Impact of speeds on drivers and vehicles — results from crash tests

Kim, Woon / Kelley-Baker, Tara / Arbelaez, Raul A. / O'Malley, Sean / Jensen, Jack L.
Insurance Institute for Highway Safety
January 2021

Introduction: Despite numerous studies reporting the negative impacts of increased speeds on roadways, many states have steadily raised their posted speed limits. In response to these concerns, the AAA Foundation for Traffic Safety initiated a multi-phased study to investigate the effect of posted speed limit changes on traffic safety. The first phase entailed gathering feedback from traffic engineers on how posted speed limits are set and what factors they consider in changing posted speed limits (Kim et al., 2019). The second phase, which is the subject of this report, entailed a collaborative effort with the Insurance Institute for Highway Safety (IIHS) and Humanetics Innovative Solutions to examine how vehicle crashworthiness and occupant protection degrade as impact speed increases. Towards this, three vehicle crash tests were conducted, following the IIHS test protocol.

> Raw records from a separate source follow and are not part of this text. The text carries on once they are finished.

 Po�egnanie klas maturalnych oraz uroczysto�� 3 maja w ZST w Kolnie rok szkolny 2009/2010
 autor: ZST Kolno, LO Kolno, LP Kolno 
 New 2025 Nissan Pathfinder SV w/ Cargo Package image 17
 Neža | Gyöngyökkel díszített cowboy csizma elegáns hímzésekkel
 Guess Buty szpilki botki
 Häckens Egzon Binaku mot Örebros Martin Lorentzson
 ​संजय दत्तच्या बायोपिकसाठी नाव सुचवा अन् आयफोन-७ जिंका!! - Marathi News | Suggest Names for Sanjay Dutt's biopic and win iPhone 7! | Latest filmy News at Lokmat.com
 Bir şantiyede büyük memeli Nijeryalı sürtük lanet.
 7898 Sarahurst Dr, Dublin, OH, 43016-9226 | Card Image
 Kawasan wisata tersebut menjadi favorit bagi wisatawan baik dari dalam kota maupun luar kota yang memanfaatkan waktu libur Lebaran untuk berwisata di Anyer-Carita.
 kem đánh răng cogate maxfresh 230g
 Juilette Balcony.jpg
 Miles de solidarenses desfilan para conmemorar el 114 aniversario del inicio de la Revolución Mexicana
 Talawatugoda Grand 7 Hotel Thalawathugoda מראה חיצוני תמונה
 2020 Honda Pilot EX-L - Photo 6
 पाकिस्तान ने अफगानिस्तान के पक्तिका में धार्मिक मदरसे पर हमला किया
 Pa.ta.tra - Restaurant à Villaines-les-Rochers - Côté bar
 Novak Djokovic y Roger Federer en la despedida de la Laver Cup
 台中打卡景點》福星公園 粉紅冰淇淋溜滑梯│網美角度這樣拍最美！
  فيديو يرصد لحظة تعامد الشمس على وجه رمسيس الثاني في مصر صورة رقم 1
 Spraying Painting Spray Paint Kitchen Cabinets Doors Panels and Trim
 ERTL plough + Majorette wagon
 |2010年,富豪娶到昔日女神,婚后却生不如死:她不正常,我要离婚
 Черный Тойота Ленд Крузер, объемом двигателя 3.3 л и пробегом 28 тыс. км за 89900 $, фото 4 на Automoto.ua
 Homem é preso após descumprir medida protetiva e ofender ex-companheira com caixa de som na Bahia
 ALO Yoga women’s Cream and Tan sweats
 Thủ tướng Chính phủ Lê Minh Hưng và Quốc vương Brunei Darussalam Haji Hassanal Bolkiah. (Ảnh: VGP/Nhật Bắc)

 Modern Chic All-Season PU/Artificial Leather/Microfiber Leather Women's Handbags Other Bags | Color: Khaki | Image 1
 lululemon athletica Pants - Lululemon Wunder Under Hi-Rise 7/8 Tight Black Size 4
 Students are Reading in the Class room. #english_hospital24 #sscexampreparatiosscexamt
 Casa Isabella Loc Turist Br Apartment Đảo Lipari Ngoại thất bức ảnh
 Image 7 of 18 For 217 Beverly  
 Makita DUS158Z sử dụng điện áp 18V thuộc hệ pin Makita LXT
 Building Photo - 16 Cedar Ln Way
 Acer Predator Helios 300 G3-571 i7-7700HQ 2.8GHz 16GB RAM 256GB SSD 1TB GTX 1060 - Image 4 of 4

Method: Tests were conducted at a moderate overlap frontal impact crash mode. In this mode, 40% of the maximum width of the test vehicle crashed into a deformable barrier on the driver side with the forces concentrated on the driver side of the vehicle.This test setup simulates a head-on, partial-overlap crash between two vehicles of the same weight and size travelling at the same speed. Tests were conducted at three different impact speeds — 40 mi/h for the baseline test (Test 1) and 50 mi/h and 55.9 mi/h for two higher speeds (Test 2 and Test 3, respectively).
Results: Overall, as the crash speed increased, the additional occupant compartment deformations and higher crash energy resulted in higher peak injury measures recorded by dummy sensors over the entire body region.
Conclusion: The results show that the impact speeds in Tests 2 and 3 increased the kinetic energy to the level that exceeds the capacity handled by the vehicle’s energy-absorbing structures. The remaining crash energy transferred to the occupant compartment and resulted in increased injury severity in the test dummies. This implies that the survival likelihood of the driver in the Test 2 and 3 vehicles would be considerably lower than that of the Test 1 vehicle. Speeds on the roadway are often significantly higher than those of posted speed limits and those used in crash tests. Even after accounting for braking and/or other factors that decrease impact speed, some portion of serious injury crashes in the real world occur at severities higher than those from these crash tests. Further, this study clearly shows that relatively small increases in absolute speed (5 and 10 mi/h) not only degrade the occupant survival space in vehicles with state-of-the-art crashworthiness designs but also proportionally increase the driver’s injury and fatality risk. The results and implications from the present study convey that there is a rise in occupant injury risk and compromised occupant compartment due to an increased impact speed, given other factors remaining constant. This information suggests that advocating the importance of road safety improvement in speed limit policies and prioritizing safety when setting maximum speed limits should continue.